▶ [What the task requires]: Each entry is to be transcribed exactly, with nothing added or dropped.

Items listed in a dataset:

=====

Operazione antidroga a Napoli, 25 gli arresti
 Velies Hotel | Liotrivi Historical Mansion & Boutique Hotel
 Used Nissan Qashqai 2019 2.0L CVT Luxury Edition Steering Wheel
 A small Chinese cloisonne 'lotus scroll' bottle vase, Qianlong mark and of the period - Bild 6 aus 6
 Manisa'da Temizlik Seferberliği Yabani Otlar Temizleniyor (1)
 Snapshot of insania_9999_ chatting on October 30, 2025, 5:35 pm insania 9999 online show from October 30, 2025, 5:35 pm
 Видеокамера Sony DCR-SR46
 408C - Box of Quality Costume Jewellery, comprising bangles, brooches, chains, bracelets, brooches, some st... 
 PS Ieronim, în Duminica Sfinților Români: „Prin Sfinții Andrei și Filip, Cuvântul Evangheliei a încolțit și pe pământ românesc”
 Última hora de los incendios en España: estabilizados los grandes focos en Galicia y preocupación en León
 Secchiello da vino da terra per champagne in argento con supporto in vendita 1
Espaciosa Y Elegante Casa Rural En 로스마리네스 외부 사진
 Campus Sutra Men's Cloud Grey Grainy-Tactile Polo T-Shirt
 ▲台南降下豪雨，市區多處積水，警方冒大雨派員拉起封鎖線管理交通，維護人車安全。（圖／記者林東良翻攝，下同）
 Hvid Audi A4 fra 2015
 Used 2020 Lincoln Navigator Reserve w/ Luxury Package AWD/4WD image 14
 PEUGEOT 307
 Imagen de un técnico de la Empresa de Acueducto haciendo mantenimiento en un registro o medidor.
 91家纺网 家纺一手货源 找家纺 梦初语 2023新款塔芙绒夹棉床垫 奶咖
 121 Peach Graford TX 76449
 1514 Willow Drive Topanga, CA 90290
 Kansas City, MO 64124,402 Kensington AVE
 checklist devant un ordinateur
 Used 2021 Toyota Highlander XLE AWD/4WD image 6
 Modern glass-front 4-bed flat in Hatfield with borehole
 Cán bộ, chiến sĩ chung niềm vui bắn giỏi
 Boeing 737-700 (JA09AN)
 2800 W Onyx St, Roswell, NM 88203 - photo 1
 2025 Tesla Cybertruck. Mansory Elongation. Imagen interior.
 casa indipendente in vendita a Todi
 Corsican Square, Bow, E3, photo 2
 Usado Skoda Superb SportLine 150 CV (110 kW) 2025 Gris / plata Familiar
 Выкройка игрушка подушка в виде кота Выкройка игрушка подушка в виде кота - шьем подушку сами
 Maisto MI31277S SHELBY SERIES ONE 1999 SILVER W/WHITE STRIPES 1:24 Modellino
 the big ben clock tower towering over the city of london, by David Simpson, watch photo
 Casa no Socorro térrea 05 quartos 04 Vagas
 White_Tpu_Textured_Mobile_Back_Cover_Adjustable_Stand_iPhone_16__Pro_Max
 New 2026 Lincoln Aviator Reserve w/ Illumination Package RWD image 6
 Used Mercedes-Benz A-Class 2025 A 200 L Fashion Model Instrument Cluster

=====

▶ [Task response]:
Operazione antidroga a Napoli, 25 gli arresti
 Velies Hotel | Liotrivi Historical Mansion & Boutique Hotel
 Used Nissan Qashqai 2019 2.0L CVT Luxury Edition Steering Wheel
 A small Chinese cloisonne 'lotus scroll' bottle vase, Qianlong mark and of the period - Bild 6 aus 6
 Manisa'da Temizlik Seferberliği Yabani Otlar Temizleniyor (1)
 Snapshot of insania_9999_ chatting on October 30, 2025, 5:35 pm insania 9999 online show from October 30, 2025, 5:35 pm
 Видеокамера Sony DCR-SR46
 408C - Box of Quality Costume Jewellery, comprising bangles, brooches, chains, bracelets, brooches, some st... 
 PS Ieronim, în Duminica Sfinților Români: „Prin Sfinții Andrei și Filip, Cuvântul Evangheliei a încolțit și pe pământ românesc”
 Última hora de los incendios en España: estabilizados los grandes focos en Galicia y preocupación en León
 Secchiello da vino da terra per champagne in argento con supporto in vendita 1
Espaciosa Y Elegante Casa Rural En 로스마리네스 외부 사진
 Campus Sutra Men's Cloud Grey Grainy-Tactile Polo T-Shirt
 ▲台南降下豪雨，市區多處積水，警方冒大雨派員拉起封鎖線管理交通，維護人車安全。（圖／記者林東良翻攝，下同）
 Hvid Audi A4 fra 2015
 Used 2020 Lincoln Navigator Reserve w/ Luxury Package AWD/4WD image 14
 PEUGEOT 307
 Imagen de un técnico de la Empresa de Acueducto haciendo mantenimiento en un registro o medidor.
 91家纺网 家纺一手货源 找家纺 梦初语 2023新款塔芙绒夹棉床垫 奶咖
 121 Peach Graford TX 76449
 1514 Willow Drive Topanga, CA 90290
 Kansas City, MO 64124,402 Kensington AVE
 checklist devant un ordinateur
 Used 2021 Toyota Highlander XLE AWD/4WD image 6
 Modern glass-front 4-bed flat in Hatfield with borehole
 Cán bộ, chiến sĩ chung niềm vui bắn giỏi
 Boeing 737-700 (JA09AN)
 2800 W Onyx St, Roswell, NM 88203 - photo 1
 2025 Tesla Cybertruck. Mansory Elongation. Imagen interior.
 casa indipendente in vendita a Todi
 Corsican Square, Bow, E3, photo 2
 Usado Skoda Superb SportLine 150 CV (110 kW) 2025 Gris / plata Familiar
 Выкройка игрушка подушка в виде кота Выкройка игрушка подушка в виде кота - шьем подушку сами
 Maisto MI31277S SHELBY SERIES ONE 1999 SILVER W/WHITE STRIPES 1:24 Modellino
 the big ben clock tower towering over the city of london, by David Simpson, watch photo
 Casa no Socorro térrea 05 quartos 04 Vagas
 White_Tpu_Textured_Mobile_Back_Cover_Adjustable_Stand_iPhone_16__Pro_Max
 New 2026 Lincoln Aviator Reserve w/ Illumination Package RWD image 6
 Used Mercedes-Benz A-Class 2025 A 200 L Fashion Model Instrument Cluster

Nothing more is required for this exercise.